A technology media, macstories, published a blog post about Apple's newly released Speech API, which has attracted widespread attention in the industry. Through a transcription test on a 4K video file that is 34 minutes long and 7GB in size, it was found that Apple's new Speech API only took 45 seconds, far exceeding other similar tools. In comparison, OpenAI's Whisper took 101 seconds for transcription, highlighting Apple's technological advantage, improving efficiency by approximately 55%.
Apple first announced this Speech framework at the 2025 Worldwide Developers Conference (WWDC). The framework includes two modules: SpeechAnalyzer and SpeechTranscriber. The introduction of this technology marks another breakthrough for Apple in the field of voice processing, particularly in terms of speed and accuracy.
In specific tests, the media used Yap, an application developed based on the new module, for transcription. By comparing the performance of different tools, Yap achieved a fast transcription time of 45 seconds, making it the optimal choice in the market. In contrast, MacWhisper (based on OpenAI's Whisper open-source speech transcription model) took 1 minute and 41 seconds, while VidCap required 1 minute and 55 seconds. An earlier version of MacWhisper (V2) even took 3 minutes and 55 seconds.
Although all testing tools encountered some errors in recognizing proper nouns, such as "AppStories," Yap's advantage in local computing ensured its significantly higher efficiency when handling multiple video segments. By calculating the time saved each week when processing multiple videos, users can significantly improve work efficiency.

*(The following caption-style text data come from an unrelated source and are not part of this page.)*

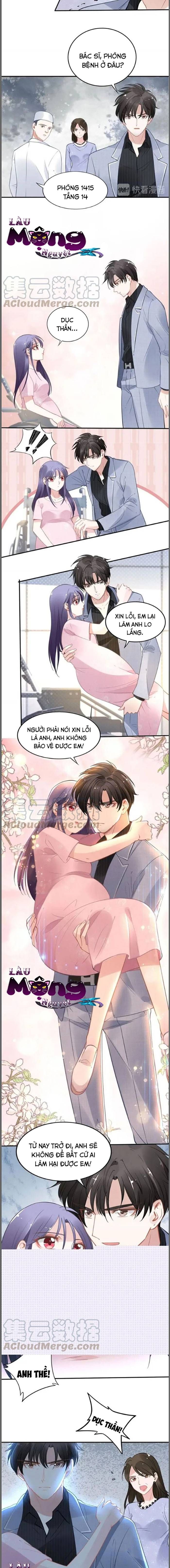 Quyền Thiểu, Nhĩ Lão Bà Yêu Bào Liễu Chapter 59 - TC Truyện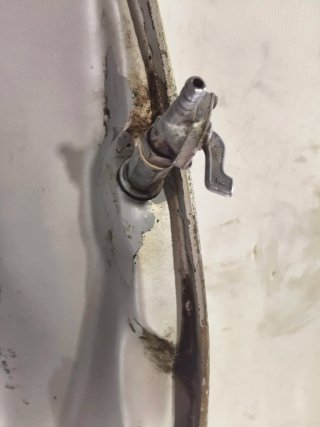 Depósito Ducati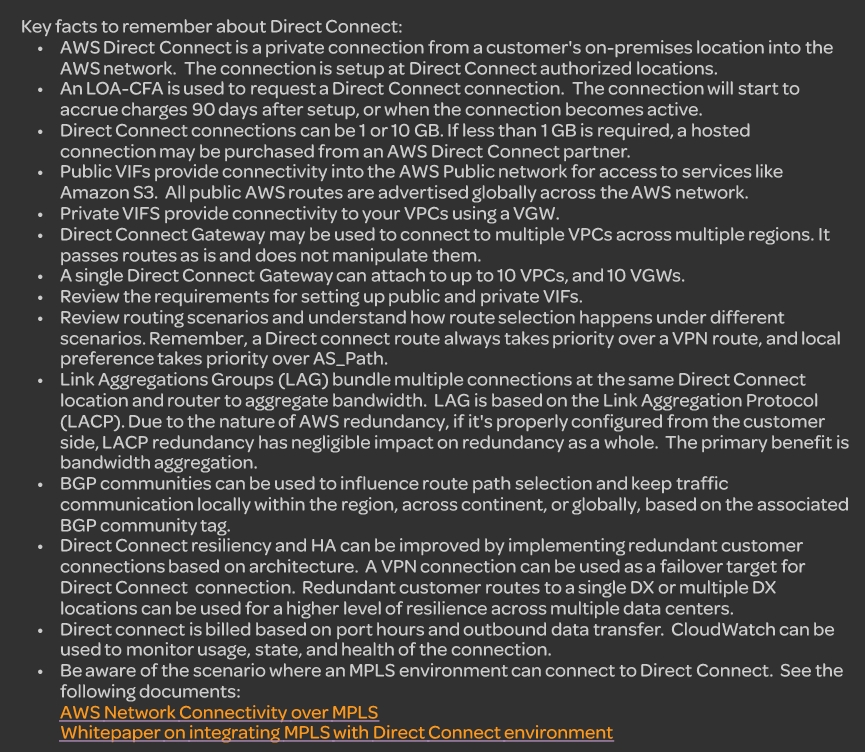 FAQs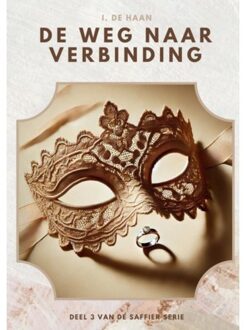 Brave New Books De Weg Naar Verbinding - I. de Haan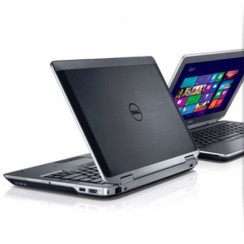 Dell Latitude E6430 14" i7, 8GB RAM, SSD 256GB A+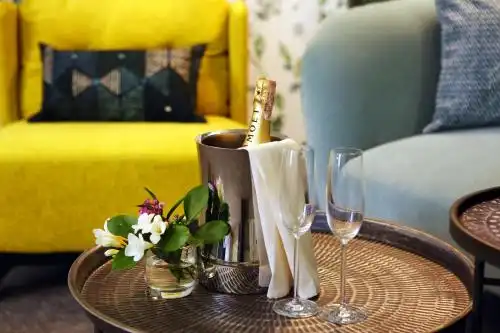 Гранд Адмирал Резорт энд СПА - 75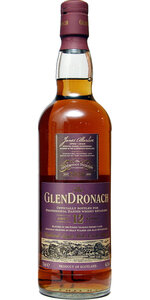 Glendronach 12Y 2011 46.1% Denmark fles
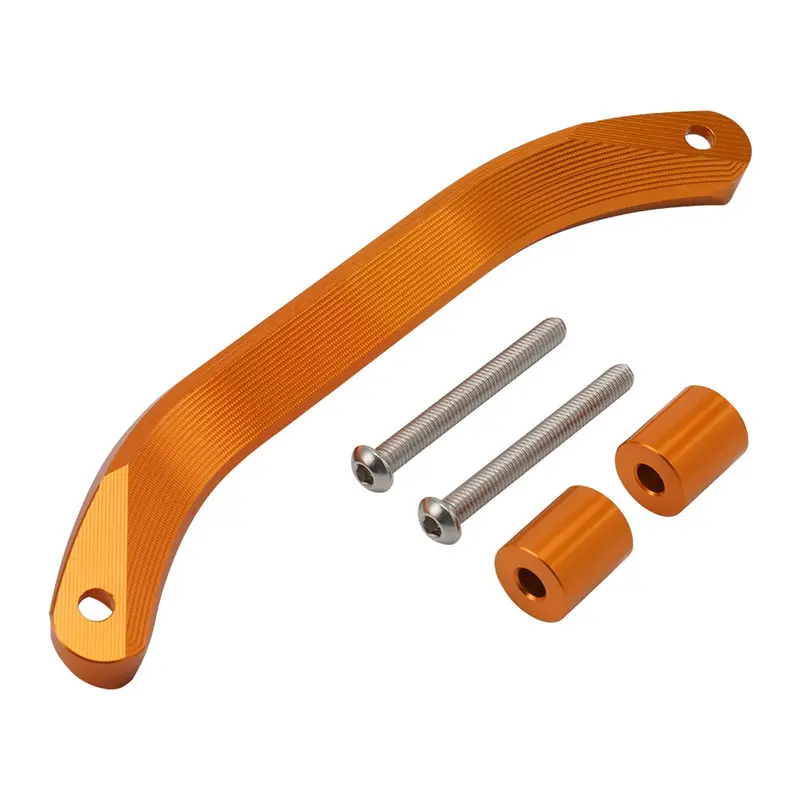 Rear Lift Grab Handle Bar Aluminum For Ktm 125-250 2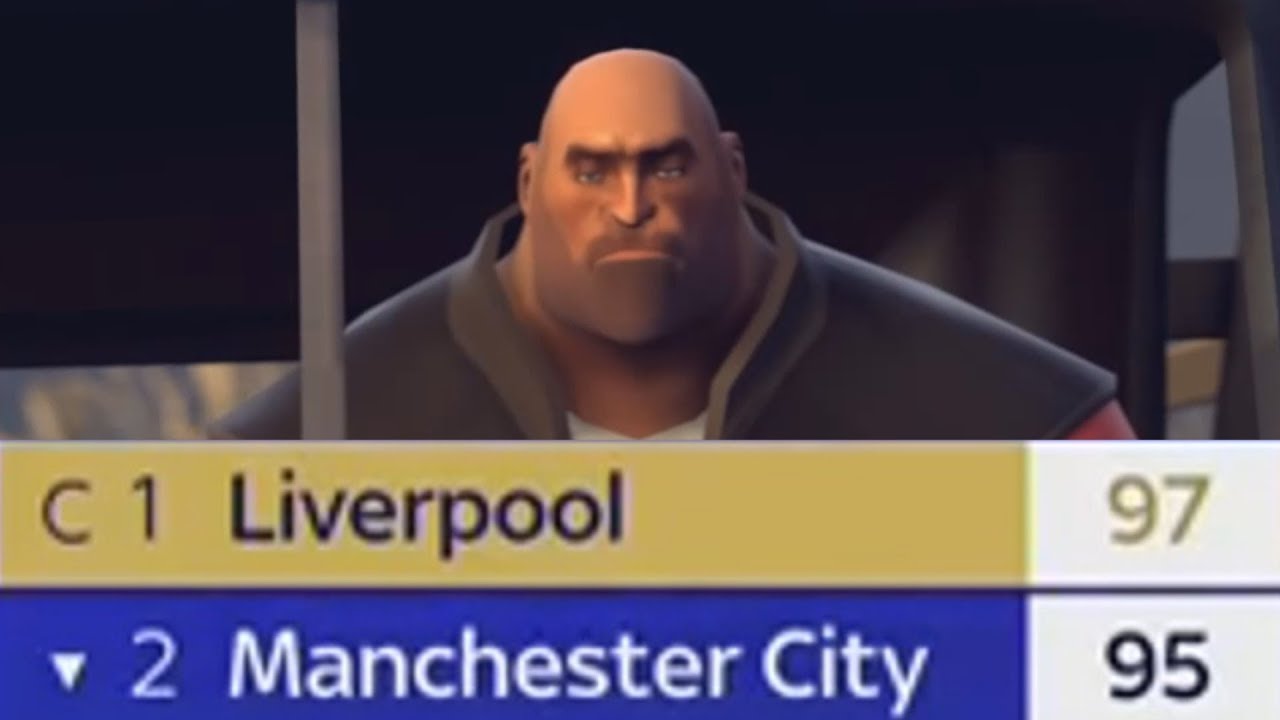 How every Liverpool fan felt on Matchday 38 when Glenn Murray scored against Man City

The rapid development of this technology not only provides convenience for video content creators but also lays the foundation for future scenario expansion. In the future, with the continuous evolution of AI technology, Apple may introduce more innovative solutions in the field of voice recognition, further enhancing user experience.
Key points:
🌟 Apple's new Speech API transcribes a 34-minute 4K video in just 45 seconds, surpassing competitors in speed.
⏱️ Compared to OpenAI Whisper, Apple's technology improves efficiency by approximately 55%, showing significant performance.
📈 The advantage of localized computing allows Yap to be more efficient in processing multiple video segments, saving users a lot of time.